En el mato angoleño, al igual que en prácticamente todo lugar en el mundo, es al atardecer cuando la magia se cierne sobre la tierra. No puedo negar que luego de más de 4 meses sin ver a una sola gota caer de este cielo, quien persiste obstinadamente en permanecer celeste inmaculado 360 grados a la redonda, extraño ya casi con desesperación a las nubes,. Pero voy camino al trópico, por eso trato de mentalizarme en disfrutar estas últimas semanas de sequía; al fin y al cabo, la lluvia siempre complica todo mucho más, y tarde o temprano valoraré ( y quizás añoraré a esta sequía). El final del día en el mato, la soledad absoluta, el silencio de las noches estrelladas, que ahora la luna brillante reduce al mínimo; tengo todo el mundo para mí, puedo elegir acampar donde quiera, y lo hago en los cauces de ríos, rodeados de baobabs cuyas ramas parecen intentar redibujar en el cielo anodino, el dramatismo que las nubes se llevaron consigo. Bajo su sombra me duermo, bajo estos árboles magníficos, los baobabs más hermosos y grandes que he visto, guardianes de mis noches.

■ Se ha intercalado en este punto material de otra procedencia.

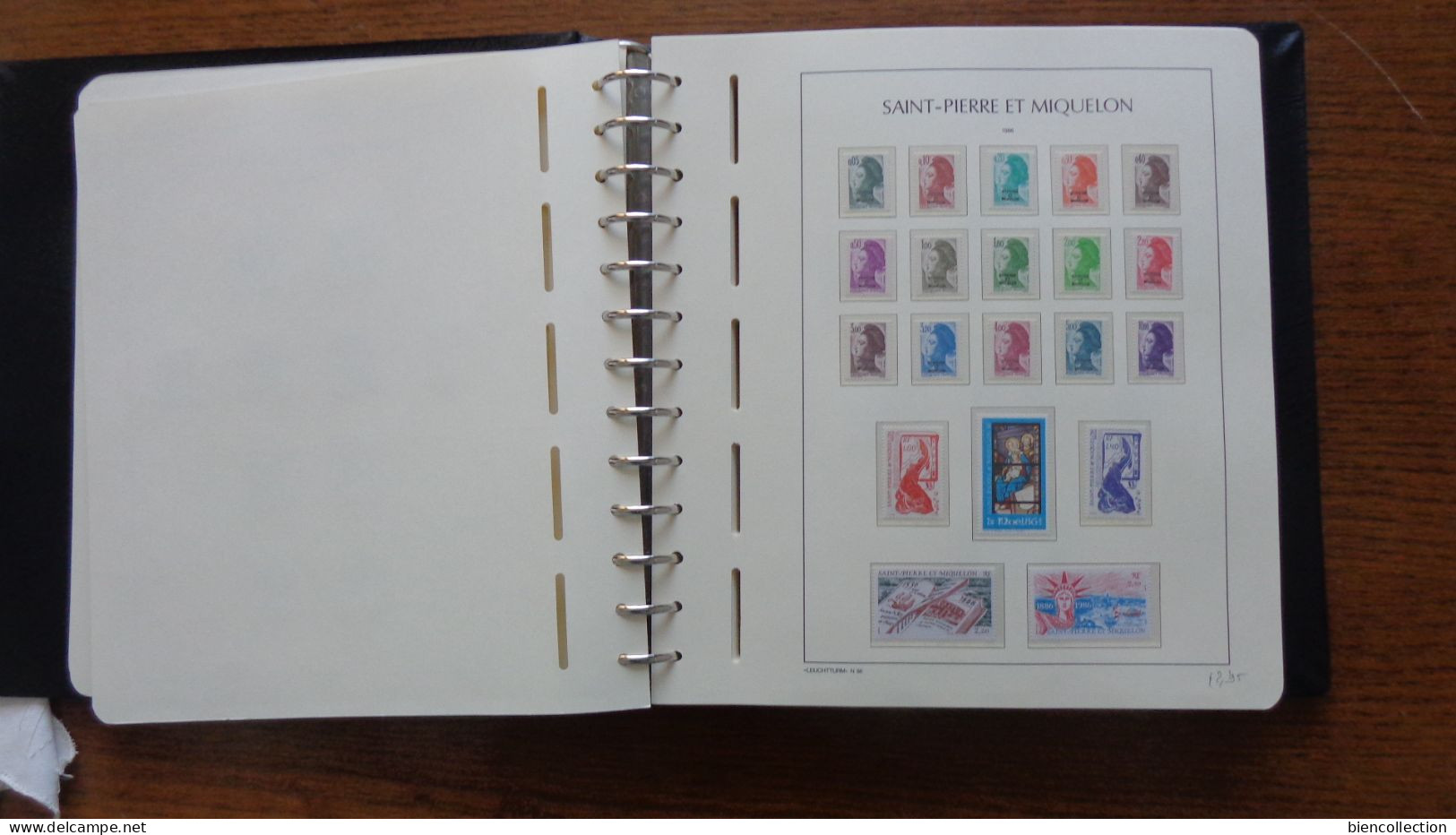 Saint Pierre Et Miquelon. Collection** Complète De 1986 à 2008 Dans Un Album Leuchturn; Faciale 330€ - Collections, Lots & Séries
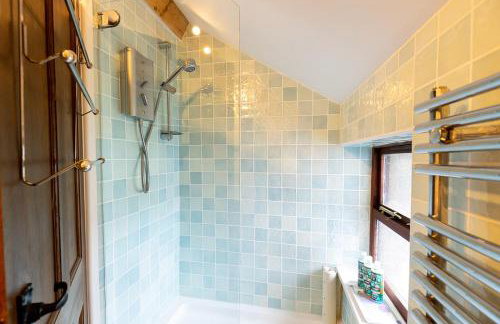 HIGH TREES BYRE - Two bed Cottage with Log Burner & Incredible Views - Foto 5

Lo bueno de viajar solo es que uno está tan solo como quiera estarlo y el mato no es la excepción. Así como elijo los días de paz y soledad, también elijo aquellos de compañía dependiendo de cómo me sienta al final de cada día. Pasaron más de 8 días y no he avanzado más que unos magros 300 km, pero no he estado nunca solo porque la gente de las tribus de este remoto sur de Angola es extraordinaria y podría extender mi estadía aquí por un mes fácilmente, para poder pasar más tiempo acompañado de ellos.

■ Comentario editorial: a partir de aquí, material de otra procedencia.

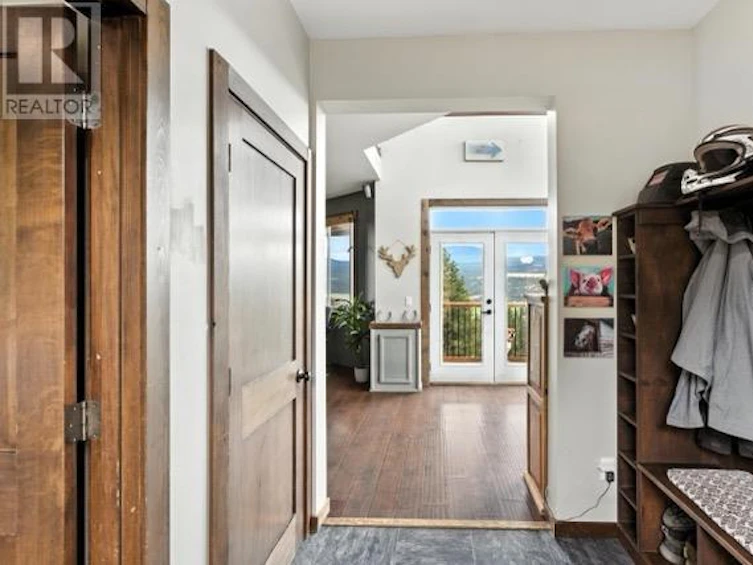 4377 Shuswap Road, Kamloops, BC, V0E 2P0 - 11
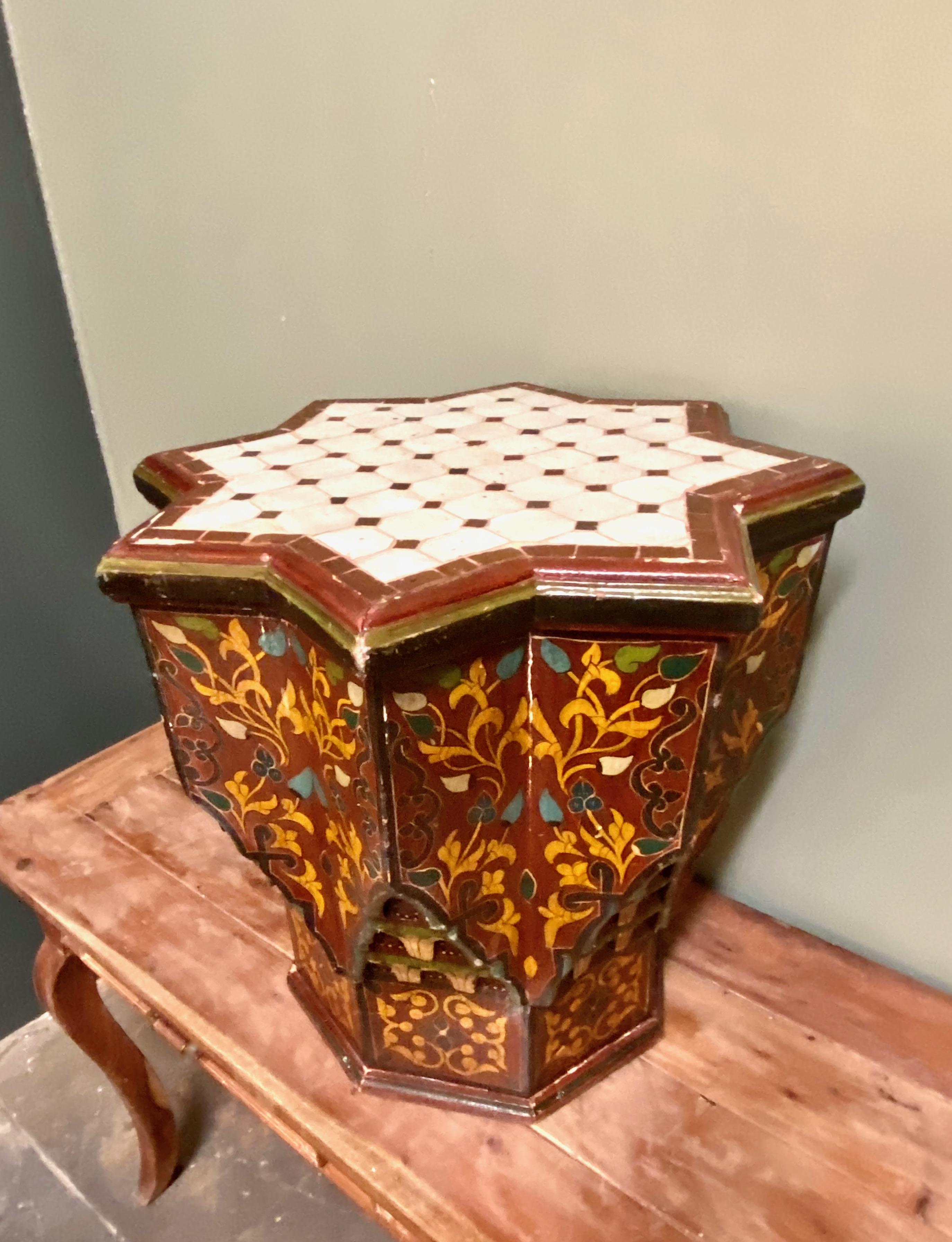 Spanish Tile Top Occasional Table In Good Condition In Pasadena, CA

En vez de volverse más fácil, el camino se vuelve más difícil cuánto más me acerco al asfalto que me conducirá finalmente a Benguela. Una montaña de pendiente suave pero de arena profunda, cuya subida se extiende por unos cruentos 25 km, me recuerda a los peores días de Namibia y ya mi cuerpo comienza a pedirme a gritos un descanso. Luego de tantos días de acumular cansancio y mugre, comienzo ya a añorar la vuelta a caminos más fáciles (aunque sea por un rato) porque tampoco se puede vivir tan sólo de caminos extremos. La necesidad de días más sencillos me lleva a disfrutar el reencuentro con el asfalto de los últimos 30 km hacia Benguela, donde pasaré varios días descansando junto al mar y ya descubriendo la Angola más moderna, que no resultará menos encantadora que la Angola tribal.